Matteo poi rettifica la profezia che riporta il nome di Emmanuele, ricordandone il significato: Dio è al fianco dell’uomo. Questo «Dio con noi» (Is 8, 8-10) è il punto di partenza dell'arco che abbraccerà tutto il vangelo di Matteo fino a 28,20 «Ecco, io sono con voi fino alla fine del mondo».
Emmanuele è il nome più bello di Dio, perché Dio nella sua essenza che è amore, che è compagnia si manifesta nella sua essenza a noi, entrando in nostra compagnia: Dio con noi. L’essere con è la sua qualifica fondamentale; «con» significa relazione, intimità, unione, consolazione, gioia, sforzo. Lui è sempre con noi, in nostra compagnia (28,20). Dio come compagnia, come dono, come vittoria sulla solitudine, come comunione, come amore: è il Dio-con-noi.
v. 24: Quando si destò dal sonno, Giuseppe fece come gli aveva ordinato l'angelo del Signore e prese con sé la sua sposa.
Il sonno di Giuseppe si trasforma. La Parola del Signore trasforma i dubbi e i sogni: è il segno di un risveglio, di una resurrezione.
La resurrezione nasce dopo una lunga prova. Di Giuseppe non sapremo più nulla. Egli farà quanto “gli aveva ordinato l’angelo del Signore”. Imita la sua sposa: scava nel pozzo del cuore per accogliere il Bambino. L’accoglienza del bambino è l’accoglienza della madre. Maria lascia la casa del sì detto a Dio e va nella casa del sì detto a un uomo. Maria è la donna del sì, ma il suo primo sì l’ha detto a Giuseppe, l’angelo la trova già promessa, già legata, già innamorata.
Come rispondo a Dio che cambia direzione ai miei progetti (anche nella vita di coppia), come ha fatto con Giuseppe?

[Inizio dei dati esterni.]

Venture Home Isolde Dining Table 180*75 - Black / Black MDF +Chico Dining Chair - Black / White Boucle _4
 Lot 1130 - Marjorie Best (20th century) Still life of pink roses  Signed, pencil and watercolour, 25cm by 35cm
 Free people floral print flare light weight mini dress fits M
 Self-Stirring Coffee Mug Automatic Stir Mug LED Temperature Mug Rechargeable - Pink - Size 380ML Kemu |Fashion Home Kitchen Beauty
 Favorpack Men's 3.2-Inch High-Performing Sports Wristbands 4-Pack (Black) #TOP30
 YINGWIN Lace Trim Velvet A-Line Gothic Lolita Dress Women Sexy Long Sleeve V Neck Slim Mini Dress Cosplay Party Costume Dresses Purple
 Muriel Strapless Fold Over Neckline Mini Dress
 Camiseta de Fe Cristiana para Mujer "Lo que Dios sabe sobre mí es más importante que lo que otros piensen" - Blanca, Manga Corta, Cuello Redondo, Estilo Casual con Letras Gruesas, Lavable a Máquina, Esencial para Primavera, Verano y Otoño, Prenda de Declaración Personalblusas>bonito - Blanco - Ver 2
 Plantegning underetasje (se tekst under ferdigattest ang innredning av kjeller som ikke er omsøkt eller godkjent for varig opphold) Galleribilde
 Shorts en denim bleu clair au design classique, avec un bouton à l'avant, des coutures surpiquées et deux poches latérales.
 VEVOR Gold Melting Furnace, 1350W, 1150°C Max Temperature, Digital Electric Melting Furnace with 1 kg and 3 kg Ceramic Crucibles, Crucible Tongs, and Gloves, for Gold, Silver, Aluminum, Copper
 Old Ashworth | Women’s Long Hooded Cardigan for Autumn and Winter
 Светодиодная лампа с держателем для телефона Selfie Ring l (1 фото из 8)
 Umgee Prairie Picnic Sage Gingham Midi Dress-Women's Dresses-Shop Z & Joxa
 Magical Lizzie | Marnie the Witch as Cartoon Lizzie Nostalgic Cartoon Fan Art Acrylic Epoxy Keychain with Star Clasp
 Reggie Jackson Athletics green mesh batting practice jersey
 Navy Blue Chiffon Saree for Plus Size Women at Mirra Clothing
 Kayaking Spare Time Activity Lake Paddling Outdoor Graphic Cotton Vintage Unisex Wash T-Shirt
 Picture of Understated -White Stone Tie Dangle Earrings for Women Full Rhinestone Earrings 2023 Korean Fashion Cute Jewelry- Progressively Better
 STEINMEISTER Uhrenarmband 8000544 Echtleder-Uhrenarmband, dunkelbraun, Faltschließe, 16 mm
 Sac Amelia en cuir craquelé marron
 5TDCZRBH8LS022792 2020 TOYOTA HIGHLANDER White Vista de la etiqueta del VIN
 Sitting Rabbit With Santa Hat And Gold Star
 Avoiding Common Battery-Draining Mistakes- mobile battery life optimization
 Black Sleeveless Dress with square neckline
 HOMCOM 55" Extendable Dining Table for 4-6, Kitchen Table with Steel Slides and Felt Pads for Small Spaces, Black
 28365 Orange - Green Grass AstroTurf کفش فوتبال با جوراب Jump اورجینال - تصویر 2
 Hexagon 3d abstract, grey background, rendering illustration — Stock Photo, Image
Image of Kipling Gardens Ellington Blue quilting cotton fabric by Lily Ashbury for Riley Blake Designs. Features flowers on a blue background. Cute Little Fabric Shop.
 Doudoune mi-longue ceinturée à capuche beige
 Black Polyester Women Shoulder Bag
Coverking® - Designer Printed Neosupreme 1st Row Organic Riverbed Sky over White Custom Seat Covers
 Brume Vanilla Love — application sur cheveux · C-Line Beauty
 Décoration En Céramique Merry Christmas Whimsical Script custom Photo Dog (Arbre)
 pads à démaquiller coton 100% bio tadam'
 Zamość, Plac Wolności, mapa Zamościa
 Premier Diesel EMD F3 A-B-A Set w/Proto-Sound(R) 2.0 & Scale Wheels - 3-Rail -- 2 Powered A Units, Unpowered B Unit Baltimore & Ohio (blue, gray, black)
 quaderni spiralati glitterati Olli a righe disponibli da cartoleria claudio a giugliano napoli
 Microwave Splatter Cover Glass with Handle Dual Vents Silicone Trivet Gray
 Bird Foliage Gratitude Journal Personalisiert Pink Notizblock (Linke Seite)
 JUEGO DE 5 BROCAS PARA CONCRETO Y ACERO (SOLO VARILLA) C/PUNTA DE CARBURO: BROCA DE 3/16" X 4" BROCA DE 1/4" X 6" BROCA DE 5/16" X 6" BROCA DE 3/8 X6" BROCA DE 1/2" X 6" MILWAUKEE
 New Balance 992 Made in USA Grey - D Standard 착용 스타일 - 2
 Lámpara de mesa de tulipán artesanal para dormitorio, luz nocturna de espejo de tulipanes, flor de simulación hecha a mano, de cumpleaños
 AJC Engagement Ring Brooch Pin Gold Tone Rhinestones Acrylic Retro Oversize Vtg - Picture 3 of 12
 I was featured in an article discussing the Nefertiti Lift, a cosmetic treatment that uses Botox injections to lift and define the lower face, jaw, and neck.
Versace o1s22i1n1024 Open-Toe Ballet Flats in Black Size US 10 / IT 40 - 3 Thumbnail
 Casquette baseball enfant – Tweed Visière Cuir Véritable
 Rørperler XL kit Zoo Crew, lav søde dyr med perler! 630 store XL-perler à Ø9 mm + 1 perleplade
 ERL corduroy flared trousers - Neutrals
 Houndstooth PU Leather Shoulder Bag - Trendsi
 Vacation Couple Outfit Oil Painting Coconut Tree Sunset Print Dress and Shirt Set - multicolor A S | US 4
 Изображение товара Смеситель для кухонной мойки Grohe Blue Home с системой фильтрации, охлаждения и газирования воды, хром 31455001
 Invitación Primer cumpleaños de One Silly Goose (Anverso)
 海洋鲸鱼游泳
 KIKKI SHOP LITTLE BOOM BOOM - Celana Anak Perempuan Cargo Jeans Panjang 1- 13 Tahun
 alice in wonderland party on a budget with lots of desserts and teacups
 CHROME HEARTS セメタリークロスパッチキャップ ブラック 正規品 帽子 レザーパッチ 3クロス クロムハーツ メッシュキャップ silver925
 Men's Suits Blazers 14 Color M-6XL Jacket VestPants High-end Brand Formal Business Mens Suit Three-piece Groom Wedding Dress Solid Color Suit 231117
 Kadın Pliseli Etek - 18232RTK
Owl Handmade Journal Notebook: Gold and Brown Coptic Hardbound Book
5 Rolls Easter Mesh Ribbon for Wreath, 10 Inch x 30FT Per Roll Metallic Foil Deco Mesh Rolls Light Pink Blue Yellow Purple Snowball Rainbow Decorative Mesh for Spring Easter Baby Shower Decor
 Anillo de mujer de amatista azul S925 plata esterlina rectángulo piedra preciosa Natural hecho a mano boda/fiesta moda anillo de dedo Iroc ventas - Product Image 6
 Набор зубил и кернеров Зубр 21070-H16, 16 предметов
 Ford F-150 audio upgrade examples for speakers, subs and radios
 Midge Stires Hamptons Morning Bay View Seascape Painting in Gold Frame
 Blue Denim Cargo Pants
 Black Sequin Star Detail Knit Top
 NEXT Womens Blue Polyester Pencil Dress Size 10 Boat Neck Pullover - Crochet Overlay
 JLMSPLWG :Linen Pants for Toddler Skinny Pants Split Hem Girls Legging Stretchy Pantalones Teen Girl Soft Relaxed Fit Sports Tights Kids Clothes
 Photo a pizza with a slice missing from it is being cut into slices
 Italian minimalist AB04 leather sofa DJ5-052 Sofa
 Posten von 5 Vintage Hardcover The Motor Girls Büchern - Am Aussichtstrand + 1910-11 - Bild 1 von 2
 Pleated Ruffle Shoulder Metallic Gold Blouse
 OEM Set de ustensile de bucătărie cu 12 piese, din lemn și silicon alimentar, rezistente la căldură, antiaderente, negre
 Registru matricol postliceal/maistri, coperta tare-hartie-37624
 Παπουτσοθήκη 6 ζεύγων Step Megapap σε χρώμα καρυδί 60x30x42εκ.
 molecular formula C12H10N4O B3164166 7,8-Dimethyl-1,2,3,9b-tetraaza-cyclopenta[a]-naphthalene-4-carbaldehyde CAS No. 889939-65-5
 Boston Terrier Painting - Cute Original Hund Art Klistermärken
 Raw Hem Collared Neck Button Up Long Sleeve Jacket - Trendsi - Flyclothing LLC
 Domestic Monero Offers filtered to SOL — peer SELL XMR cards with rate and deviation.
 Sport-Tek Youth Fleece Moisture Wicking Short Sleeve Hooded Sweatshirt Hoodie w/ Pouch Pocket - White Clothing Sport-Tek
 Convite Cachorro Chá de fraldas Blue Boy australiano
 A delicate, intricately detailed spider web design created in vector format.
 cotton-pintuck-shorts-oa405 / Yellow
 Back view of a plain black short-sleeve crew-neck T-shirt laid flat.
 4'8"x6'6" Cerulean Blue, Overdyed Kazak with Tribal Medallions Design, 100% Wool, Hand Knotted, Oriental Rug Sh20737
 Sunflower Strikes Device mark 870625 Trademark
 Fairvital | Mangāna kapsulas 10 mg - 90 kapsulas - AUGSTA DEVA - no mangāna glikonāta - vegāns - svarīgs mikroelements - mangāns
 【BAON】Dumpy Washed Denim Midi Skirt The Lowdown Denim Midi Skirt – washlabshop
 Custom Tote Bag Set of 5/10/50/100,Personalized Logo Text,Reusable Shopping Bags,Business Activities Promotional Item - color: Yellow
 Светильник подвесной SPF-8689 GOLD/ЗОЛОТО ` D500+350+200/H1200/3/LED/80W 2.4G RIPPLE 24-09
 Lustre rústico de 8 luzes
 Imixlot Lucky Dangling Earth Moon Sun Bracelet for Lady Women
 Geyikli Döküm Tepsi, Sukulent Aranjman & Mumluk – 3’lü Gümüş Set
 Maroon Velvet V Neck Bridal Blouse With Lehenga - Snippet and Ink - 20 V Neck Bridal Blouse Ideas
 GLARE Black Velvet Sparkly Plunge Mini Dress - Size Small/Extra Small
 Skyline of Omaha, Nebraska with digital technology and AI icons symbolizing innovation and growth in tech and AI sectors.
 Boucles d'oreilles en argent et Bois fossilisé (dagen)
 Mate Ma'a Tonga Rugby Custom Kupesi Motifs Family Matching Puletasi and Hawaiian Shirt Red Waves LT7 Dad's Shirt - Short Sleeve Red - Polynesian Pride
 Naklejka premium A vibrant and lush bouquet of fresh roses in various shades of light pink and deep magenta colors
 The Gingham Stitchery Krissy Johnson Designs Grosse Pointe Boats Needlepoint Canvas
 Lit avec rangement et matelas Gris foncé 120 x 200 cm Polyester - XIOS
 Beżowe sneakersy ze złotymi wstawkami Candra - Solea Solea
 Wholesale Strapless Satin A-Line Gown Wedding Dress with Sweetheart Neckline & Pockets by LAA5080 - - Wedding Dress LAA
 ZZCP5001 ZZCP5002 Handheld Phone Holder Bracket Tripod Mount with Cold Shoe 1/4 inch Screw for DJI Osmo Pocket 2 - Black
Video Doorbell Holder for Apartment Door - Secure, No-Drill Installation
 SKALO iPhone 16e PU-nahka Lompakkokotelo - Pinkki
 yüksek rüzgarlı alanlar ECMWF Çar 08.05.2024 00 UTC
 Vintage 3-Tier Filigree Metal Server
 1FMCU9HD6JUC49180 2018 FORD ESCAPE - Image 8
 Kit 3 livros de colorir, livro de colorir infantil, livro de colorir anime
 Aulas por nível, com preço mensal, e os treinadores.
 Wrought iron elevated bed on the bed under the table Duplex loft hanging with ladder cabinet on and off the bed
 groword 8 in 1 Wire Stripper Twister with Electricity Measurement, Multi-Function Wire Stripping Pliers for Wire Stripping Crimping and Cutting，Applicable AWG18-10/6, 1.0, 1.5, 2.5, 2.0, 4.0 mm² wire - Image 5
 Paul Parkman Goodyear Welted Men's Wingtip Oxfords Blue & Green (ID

Mi è abituale, nelle vicissitudini più o meno importanti della vita, di fermarmi a pensare che cosa fare, come ha fatto Giuseppe?
Sono convinto che sono chiamato alla paternità (o maternità) di Dio?
Del Signore è la terra e quanto contiene:
il mondo, con i suoi abitanti.
È lui che l’ha fondato sui mari
e sui fiumi l’ha stabilito.
Chi potrà stare nel suo luogo santo?
Chi ha mani innocenti e cuore puro,
chi non si rivolge agli idoli.
giustizia da Dio sua salvezza.
Ecco la generazione che lo cerca,
che cerca il tuo volto, Dio di Giacobbe. (Sal 23).
Con l’incarnazione di Gesù, Dio si è fatto prossimo agli uomini e si è reso presente nella Storia. Riconosciamolo all’opera nella nostra quotidianità e chiediamogli di aiutarci ad essere come lui ci vuole.